Lucyna Krawcewicz

Personal information
- Born: 14 March 1938 (age 88) Michalin, Polesie Voivodeship, now Ukraine

Chess career
- Country: Poland
- FIDE rating: 1559 (November 2021)
- Peak rating: 2085 (January 1995)

= Lucyna Krawcewicz =

Polish javelin thrower and chess player

Lucyna Krawcewicz (born 14 March 1938) is a retired javelin thrower and chess player from Poland.

==Biography==
Lucyna Krawcewicz represented her native country at the Summer Olympics 1968 where she took 12th place in the Women's javelin throw final. 24 times competed in the Polish national team matches (4 wins individual). She won Polish Seniors Championship in Athletics in 1965 and won three silver medals in 1964, 1967, 1968. Her personal record in javelin throw was 54.84 m (1968).

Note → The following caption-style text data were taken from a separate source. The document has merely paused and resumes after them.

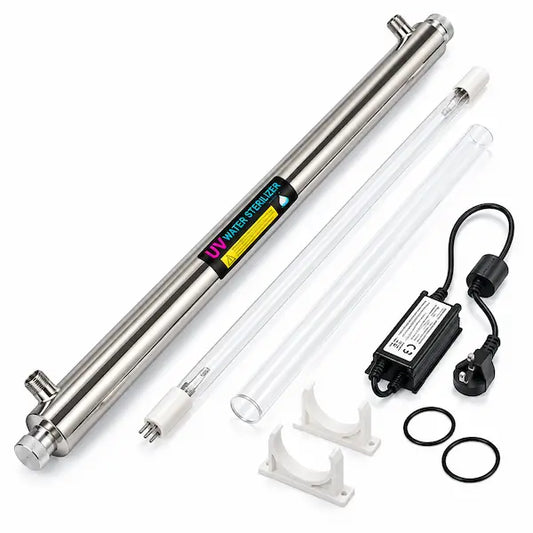 UV 55watt In Line -Ultraviolet light – Sterilizer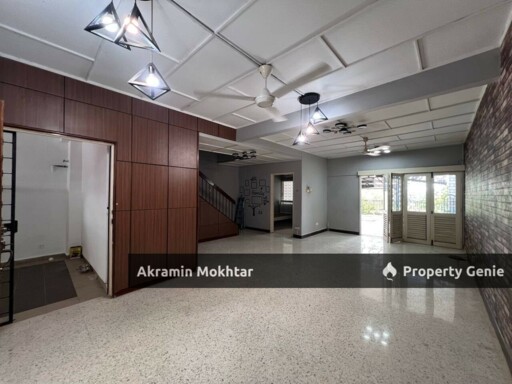 Freehold, Renovated & Extended | 2 Storey Taman Zooview, Ampang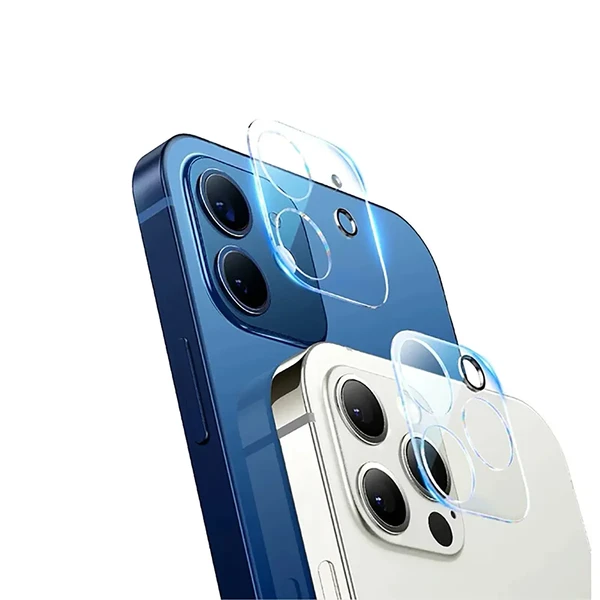 Захисне скло на камеру iLoungeMax Lens Protection Tempered Glass Film для iPhone 12 | 12 mini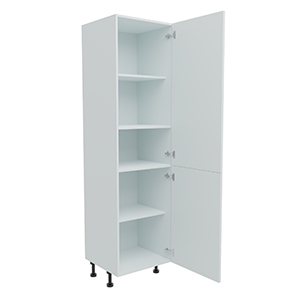 600mm Tall Larder Unit - 895mm Lower Door (High)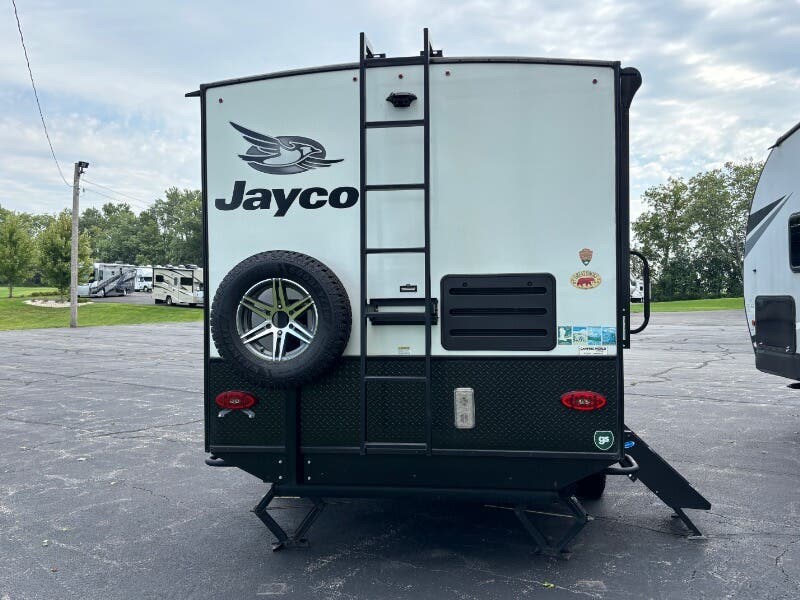 Used 2022 Jayco Jay Feather Micro 166FBS available in Rockford, Illinois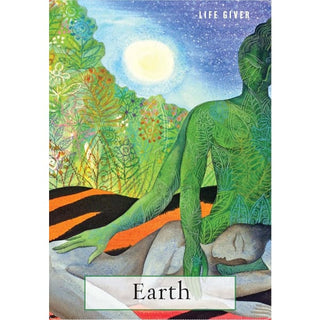 Messages from the Ancestors Oracle Cards - Tarot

Krawcewicz was also a chess player. In 1972 she won first women's Polish Blitz Chess Championship in Lubliniec. During her career, she eight times appeared in the Polish Women's Chess Championship's finals (1972–1982) and reaching fifth place in 1974. Also competed three times in World Senior Chess Championship: in 2000 took 15th place, in 2002 – 13th, and in 2004 – 5th place.

In the past she also practiced handball and volleyball. She was a teacher of physical education and specialist in unconventional treatments.